• [To do]:
Your output should be the line with "Pijama lunga bumbac" plus all following lines to the end of the records, exactly as written and nothing more.

• [Extracted information]:

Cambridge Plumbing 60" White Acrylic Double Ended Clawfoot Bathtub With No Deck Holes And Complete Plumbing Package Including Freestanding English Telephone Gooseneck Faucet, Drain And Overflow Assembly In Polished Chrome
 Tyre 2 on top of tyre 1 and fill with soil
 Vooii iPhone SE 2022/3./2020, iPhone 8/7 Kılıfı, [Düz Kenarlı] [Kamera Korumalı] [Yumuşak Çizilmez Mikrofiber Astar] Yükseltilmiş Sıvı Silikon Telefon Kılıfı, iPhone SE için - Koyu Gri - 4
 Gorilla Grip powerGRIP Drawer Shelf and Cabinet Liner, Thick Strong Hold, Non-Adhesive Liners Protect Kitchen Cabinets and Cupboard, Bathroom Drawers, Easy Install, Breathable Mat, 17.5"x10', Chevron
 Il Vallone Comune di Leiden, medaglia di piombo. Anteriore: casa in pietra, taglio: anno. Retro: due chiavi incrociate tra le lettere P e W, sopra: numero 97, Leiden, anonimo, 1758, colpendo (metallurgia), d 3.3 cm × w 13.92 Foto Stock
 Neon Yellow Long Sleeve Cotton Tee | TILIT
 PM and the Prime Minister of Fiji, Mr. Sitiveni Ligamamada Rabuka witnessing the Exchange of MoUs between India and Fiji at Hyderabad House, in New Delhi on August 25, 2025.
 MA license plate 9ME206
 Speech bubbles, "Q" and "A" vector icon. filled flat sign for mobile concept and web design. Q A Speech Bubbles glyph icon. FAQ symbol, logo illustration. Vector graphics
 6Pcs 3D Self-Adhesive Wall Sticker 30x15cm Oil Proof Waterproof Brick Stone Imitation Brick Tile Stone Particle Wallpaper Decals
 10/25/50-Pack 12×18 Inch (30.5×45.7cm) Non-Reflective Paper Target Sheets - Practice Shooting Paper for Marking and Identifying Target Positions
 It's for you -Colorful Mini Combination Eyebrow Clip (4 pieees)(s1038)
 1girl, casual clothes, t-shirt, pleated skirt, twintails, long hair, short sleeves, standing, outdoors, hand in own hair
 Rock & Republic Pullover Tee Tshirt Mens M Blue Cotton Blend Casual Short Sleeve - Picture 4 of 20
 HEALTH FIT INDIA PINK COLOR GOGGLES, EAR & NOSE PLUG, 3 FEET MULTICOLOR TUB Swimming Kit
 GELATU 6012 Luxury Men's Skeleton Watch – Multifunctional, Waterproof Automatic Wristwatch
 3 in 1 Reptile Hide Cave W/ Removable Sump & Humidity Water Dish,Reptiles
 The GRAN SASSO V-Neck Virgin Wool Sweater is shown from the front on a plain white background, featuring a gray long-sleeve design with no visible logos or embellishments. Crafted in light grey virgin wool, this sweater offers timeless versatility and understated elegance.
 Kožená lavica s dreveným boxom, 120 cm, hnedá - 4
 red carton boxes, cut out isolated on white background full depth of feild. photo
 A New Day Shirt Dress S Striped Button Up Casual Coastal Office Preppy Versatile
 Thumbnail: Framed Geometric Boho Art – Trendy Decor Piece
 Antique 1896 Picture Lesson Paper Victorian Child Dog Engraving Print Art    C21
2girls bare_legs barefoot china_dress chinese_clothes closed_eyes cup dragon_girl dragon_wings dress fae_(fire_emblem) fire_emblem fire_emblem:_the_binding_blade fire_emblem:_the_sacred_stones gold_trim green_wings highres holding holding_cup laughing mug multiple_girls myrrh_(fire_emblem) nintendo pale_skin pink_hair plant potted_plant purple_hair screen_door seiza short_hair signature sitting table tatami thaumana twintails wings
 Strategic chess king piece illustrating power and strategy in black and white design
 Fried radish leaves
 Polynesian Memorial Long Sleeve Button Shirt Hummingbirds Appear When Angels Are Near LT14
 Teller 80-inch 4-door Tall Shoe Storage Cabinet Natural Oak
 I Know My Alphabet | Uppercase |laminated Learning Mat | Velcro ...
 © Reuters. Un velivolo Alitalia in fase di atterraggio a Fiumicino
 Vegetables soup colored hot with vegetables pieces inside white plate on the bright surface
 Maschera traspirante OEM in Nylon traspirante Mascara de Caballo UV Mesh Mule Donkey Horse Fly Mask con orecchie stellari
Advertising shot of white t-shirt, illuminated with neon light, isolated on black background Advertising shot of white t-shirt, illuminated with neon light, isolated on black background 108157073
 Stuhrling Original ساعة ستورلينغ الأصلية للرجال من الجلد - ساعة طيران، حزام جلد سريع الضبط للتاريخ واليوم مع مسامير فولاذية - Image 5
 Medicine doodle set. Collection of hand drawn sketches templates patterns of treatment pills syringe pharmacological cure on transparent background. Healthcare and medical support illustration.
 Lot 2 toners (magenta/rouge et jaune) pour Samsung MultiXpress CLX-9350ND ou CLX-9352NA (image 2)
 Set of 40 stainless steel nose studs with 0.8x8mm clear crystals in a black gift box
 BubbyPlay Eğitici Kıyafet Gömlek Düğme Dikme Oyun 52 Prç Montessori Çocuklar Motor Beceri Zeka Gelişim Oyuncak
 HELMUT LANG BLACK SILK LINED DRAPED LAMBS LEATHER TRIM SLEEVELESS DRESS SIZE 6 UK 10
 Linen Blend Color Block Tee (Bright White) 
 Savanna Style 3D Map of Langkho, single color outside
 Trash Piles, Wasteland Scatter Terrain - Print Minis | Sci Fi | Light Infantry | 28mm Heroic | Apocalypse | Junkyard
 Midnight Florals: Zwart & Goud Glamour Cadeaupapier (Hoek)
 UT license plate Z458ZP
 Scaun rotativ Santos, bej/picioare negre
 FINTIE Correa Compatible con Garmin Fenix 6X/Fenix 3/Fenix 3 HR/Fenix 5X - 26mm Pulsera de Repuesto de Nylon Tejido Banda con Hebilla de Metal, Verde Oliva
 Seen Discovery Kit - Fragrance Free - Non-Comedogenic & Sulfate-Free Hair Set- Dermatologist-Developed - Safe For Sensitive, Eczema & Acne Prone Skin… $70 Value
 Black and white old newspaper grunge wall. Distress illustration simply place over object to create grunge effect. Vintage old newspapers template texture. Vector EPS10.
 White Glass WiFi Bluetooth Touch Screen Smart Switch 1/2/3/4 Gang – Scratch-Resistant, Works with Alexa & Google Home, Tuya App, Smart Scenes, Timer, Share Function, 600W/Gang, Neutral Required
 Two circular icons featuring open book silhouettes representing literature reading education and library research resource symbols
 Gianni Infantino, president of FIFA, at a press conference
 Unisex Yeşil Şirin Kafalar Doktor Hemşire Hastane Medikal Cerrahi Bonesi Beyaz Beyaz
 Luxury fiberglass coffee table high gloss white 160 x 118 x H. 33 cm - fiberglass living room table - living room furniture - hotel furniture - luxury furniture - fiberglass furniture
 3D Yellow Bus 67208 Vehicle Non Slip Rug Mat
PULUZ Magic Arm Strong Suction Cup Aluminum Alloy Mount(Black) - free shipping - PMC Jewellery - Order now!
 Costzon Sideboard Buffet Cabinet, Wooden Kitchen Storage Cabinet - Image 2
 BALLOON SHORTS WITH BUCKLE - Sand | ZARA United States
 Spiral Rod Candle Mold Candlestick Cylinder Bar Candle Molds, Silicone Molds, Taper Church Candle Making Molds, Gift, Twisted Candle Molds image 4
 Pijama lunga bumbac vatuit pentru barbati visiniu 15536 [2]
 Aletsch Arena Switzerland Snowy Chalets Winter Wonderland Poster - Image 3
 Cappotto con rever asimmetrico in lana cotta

• [Output of the exercise]:
 Pijama lunga bumbac vatuit pentru barbati visiniu 15536 [2]
 Aletsch Arena Switzerland Snowy Chalets Winter Wonderland Poster - Image 3
 Cappotto con rever asimmetrico in lana cotta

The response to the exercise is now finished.